Zafar, now 22, had no convictions at the time and was insured to drive his mum’s vehicle and although he was originally charged with causing serious injury by dangerous driving he eventually pleaded guilty to separate offences of careless driving and dangerous driving.
Passing sentence, Recorder Anthony Hawks stressed that he was constrained by the sentencing guidelines for the offences as he imposed the fine for the careless driving and four months in prison, suspended for a year, for the earlier dangerous driving on Scotchman Road.
After the collision a group of men tried to get the injured teenager into a taxi which had pulled up, but by the time an ambulance and the police arrived Zafar had driven home in a panic and the others had left.

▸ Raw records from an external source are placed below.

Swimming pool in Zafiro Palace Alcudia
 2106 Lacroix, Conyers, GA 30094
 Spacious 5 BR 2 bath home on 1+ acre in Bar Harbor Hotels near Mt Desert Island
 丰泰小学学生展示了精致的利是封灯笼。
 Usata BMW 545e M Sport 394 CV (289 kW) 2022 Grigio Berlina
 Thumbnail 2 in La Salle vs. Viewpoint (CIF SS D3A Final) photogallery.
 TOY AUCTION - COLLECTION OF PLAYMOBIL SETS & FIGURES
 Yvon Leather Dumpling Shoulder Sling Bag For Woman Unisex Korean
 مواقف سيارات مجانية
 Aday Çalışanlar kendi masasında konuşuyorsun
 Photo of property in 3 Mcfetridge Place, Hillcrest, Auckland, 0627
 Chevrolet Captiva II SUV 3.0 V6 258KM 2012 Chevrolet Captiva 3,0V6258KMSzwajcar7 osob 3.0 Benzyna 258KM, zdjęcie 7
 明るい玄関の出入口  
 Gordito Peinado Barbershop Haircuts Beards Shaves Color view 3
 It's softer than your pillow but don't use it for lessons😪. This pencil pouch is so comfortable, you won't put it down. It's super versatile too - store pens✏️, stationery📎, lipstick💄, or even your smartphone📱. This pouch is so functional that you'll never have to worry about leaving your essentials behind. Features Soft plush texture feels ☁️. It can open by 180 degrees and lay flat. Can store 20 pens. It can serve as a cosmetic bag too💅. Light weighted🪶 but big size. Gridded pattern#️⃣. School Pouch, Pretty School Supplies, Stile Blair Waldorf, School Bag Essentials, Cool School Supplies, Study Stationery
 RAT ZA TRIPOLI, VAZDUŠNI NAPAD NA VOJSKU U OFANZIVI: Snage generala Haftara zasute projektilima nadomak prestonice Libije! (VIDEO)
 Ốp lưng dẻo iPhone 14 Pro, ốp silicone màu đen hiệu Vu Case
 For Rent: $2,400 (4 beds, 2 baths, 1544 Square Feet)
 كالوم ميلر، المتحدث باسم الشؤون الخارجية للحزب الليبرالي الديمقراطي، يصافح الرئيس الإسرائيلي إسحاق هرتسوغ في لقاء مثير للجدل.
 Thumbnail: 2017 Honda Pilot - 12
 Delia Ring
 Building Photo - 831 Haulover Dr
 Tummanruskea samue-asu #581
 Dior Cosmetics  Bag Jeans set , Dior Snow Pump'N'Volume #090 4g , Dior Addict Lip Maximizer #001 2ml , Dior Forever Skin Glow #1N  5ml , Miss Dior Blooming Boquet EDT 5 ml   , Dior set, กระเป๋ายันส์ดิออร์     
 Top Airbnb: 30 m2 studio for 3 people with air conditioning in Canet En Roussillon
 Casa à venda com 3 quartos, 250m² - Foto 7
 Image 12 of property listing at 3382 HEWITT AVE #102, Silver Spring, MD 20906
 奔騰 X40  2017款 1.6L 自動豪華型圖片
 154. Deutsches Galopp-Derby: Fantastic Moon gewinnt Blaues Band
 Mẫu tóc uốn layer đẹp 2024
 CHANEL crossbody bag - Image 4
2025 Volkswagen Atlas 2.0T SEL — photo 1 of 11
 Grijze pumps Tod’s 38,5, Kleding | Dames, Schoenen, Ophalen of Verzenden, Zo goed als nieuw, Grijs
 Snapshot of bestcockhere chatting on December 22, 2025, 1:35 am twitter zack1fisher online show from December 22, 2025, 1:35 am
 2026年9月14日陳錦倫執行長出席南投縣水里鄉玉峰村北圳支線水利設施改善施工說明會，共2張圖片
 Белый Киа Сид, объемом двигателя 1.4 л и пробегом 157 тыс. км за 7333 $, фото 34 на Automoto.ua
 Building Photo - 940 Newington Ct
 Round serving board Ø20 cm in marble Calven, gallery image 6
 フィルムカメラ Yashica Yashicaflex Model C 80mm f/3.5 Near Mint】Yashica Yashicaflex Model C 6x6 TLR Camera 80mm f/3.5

The injured teenager’s uncle and a local councillor were involved in locating the damaged Mercedes which was found parked outside Zafar’s family home on Brantwood Oval, Bradford.
As a result of the collision the 18-year-old suffered significant bleeding inside the skull and a life-threatening brain injury which required multiple surgical procedures.
Prosecutor Austin Newman said the teenager was now left with a weakness down his entire right side, was partially blind in his right eye and had the mental capacity of a five-year-old.
The victim also needed speech and language therapy and now required lifelong care.
Recorder Hawks emphasised that given what had happened the public had to understand that the court’s powers in relation to an offence of careless driving were limited to a fine.
At present there is no offence of causing serious injury by careless driving, but the government announced proposals last July to introduce such an offence, with a maximum sentence of two years in jail, as part of changes to sentencing for road traffic offences.
Zafar was banned from driving for two years and told he must take an extended retest before lawfully driving on the roads again.
Recorder Hawks said the victim had been minding his own business that night walking home and Zafar had run him over due to his inattention.
“The consequences for that you man have been catastrophic,” said the judge.
“He has the mental capacity of a five-year-old now. He has a multiplicity of difficulties both physical, cognitive and otherwise and his life has been ruined and no doubt the life of his family, as a result of this, has been ruined.
“Nothing I can do, and no sentence I can pass, is going to put back together the events of that night, but it’s something you’re going to have to live with for the rest of your life.”